There’s a lot of good advice out there.
Be all that you can be: Be productive, maximize profits, work hard and play hard. Twitter can help you market yourself. Start a blog. Volunteer more, accomplish more, earn more, know more, be more skillful, buy more, network more. Be available on a mobile device, multi-task, have a can-do attitude, no matter the job or the circumstances.
Who would think, with so much good advice in the world, so many books and articles, so much twitter, any one of us could be troubled, depressed, lonely, mistaken, or – horrifyingly – achieving less than our full potential?
While I’m busy focusing on the 10 things I’m told matter most, all of the fluid is leaking out of my brain.
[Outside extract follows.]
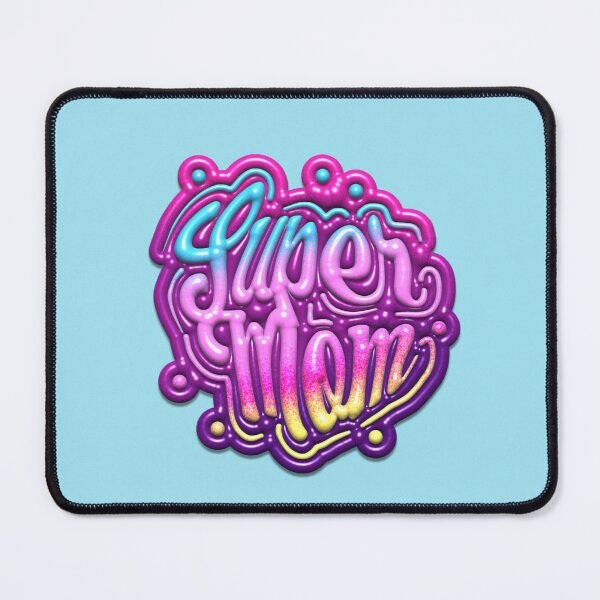 Item preview, Super mom puffy letters designed and sold by FatBirdie.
This is because the key to my happiness, and I know this, is self love (Not self indulgence, which is easily confused with self love). If I could honor those feelings and hunches I have, even when my brain is telling me another path forward makes more sense or has more potential; if I could calmly seek situations that don’t compromise me; if I could be unfailingly polite and kind, treating others as I would wish to be treated; if I could remember to share myself with the people who love and need me, and know better than to open myself to people who don’t or can’t; if I can do those things – be self loving, not compromise my sanity, consistently – for one whole day, that will be a really good, profitable day. And it would be a million dollar day if I could do all of that with some silent time thrown in for good measure. I might hear birds sing or the wind blow. I might catch the spring peepers.
I know, that’s been done. It’s passe. But just the thought of conjuring happiness so simply makes me, well, happy.
No twittering, no self marketing necessary.